[Dataset entries]
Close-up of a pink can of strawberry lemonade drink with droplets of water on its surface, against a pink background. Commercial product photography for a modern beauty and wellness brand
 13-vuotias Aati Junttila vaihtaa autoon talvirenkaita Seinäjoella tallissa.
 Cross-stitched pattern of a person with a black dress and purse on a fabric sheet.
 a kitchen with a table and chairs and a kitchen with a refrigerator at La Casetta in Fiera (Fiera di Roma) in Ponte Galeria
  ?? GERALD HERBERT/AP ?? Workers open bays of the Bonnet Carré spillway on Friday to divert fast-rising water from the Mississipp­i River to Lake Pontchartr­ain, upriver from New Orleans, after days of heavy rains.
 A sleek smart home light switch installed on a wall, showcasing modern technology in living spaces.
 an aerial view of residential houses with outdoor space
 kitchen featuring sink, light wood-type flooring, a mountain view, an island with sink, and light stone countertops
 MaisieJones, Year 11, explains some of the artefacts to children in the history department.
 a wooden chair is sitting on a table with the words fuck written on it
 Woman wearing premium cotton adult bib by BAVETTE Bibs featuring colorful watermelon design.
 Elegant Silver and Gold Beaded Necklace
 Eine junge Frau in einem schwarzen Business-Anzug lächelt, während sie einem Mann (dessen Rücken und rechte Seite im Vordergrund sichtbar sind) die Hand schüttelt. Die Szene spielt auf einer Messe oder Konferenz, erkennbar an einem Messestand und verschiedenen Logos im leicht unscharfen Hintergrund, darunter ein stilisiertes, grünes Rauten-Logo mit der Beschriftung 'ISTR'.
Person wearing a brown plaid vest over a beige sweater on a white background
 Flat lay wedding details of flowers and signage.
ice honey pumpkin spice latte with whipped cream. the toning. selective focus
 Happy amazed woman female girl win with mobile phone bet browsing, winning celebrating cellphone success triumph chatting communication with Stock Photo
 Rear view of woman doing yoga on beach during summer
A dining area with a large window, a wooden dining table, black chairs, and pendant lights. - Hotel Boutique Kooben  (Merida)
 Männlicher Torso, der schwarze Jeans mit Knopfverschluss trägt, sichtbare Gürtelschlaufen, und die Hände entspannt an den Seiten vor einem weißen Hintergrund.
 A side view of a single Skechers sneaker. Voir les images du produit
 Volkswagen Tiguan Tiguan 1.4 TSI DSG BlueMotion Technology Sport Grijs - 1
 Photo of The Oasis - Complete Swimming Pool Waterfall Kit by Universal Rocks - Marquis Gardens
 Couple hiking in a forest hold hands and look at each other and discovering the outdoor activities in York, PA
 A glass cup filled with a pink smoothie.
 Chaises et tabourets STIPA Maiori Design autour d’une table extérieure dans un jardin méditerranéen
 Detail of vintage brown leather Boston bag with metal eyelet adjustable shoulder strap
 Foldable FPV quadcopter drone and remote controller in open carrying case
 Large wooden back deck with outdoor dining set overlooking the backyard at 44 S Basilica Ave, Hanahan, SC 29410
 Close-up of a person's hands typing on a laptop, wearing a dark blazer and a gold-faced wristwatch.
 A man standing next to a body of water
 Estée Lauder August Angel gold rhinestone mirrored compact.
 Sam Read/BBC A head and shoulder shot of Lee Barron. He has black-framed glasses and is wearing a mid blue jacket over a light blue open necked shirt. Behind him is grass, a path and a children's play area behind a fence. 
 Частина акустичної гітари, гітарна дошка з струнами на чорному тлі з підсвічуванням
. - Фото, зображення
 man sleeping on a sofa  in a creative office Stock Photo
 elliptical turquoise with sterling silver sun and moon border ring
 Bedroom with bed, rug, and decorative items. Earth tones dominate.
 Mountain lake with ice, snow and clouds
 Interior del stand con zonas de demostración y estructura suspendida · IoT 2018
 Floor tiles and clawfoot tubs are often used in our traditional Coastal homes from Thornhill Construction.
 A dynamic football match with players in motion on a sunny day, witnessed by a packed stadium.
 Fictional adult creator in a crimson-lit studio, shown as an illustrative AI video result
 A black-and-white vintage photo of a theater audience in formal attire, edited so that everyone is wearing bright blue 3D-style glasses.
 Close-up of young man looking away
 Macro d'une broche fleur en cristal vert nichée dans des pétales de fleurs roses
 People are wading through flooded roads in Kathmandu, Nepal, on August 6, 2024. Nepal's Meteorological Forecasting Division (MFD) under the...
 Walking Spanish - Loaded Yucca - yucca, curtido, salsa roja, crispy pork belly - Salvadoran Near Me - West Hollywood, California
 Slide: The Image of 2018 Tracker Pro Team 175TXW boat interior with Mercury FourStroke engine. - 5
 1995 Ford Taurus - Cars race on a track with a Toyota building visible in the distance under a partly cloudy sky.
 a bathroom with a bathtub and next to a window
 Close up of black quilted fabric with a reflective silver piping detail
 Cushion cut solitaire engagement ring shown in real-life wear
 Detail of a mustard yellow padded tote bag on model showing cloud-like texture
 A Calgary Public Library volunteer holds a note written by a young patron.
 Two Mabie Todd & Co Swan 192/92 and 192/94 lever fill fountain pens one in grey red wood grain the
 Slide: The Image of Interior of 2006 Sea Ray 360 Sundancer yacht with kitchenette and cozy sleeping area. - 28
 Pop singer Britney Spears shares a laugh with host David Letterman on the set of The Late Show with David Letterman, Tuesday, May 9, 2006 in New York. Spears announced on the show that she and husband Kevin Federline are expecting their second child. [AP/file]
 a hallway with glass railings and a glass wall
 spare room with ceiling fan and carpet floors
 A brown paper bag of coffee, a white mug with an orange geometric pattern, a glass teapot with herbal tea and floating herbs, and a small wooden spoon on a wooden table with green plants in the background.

**Task statement**
Exactly as written, reproduce the lines of the data above from the first line through the line where "A dining area" appears.

**Answer space**
Close-up of a pink can of strawberry lemonade drink with droplets of water on its surface, against a pink background. Commercial product photography for a modern beauty and wellness brand
 13-vuotias Aati Junttila vaihtaa autoon talvirenkaita Seinäjoella tallissa.
 Cross-stitched pattern of a person with a black dress and purse on a fabric sheet.
 a kitchen with a table and chairs and a kitchen with a refrigerator at La Casetta in Fiera (Fiera di Roma) in Ponte Galeria
  ?? GERALD HERBERT/AP ?? Workers open bays of the Bonnet Carré spillway on Friday to divert fast-rising water from the Mississipp­i River to Lake Pontchartr­ain, upriver from New Orleans, after days of heavy rains.
 A sleek smart home light switch installed on a wall, showcasing modern technology in living spaces.
 an aerial view of residential houses with outdoor space
 kitchen featuring sink, light wood-type flooring, a mountain view, an island with sink, and light stone countertops
 MaisieJones, Year 11, explains some of the artefacts to children in the history department.
 a wooden chair is sitting on a table with the words fuck written on it
 Woman wearing premium cotton adult bib by BAVETTE Bibs featuring colorful watermelon design.
 Elegant Silver and Gold Beaded Necklace
 Eine junge Frau in einem schwarzen Business-Anzug lächelt, während sie einem Mann (dessen Rücken und rechte Seite im Vordergrund sichtbar sind) die Hand schüttelt. Die Szene spielt auf einer Messe oder Konferenz, erkennbar an einem Messestand und verschiedenen Logos im leicht unscharfen Hintergrund, darunter ein stilisiertes, grünes Rauten-Logo mit der Beschriftung 'ISTR'.
Person wearing a brown plaid vest over a beige sweater on a white background
 Flat lay wedding details of flowers and signage.
ice honey pumpkin spice latte with whipped cream. the toning. selective focus
 Happy amazed woman female girl win with mobile phone bet browsing, winning celebrating cellphone success triumph chatting communication with Stock Photo
 Rear view of woman doing yoga on beach during summer
A dining area with a large window, a wooden dining table, black chairs, and pendant lights. - Hotel Boutique Kooben  (Merida)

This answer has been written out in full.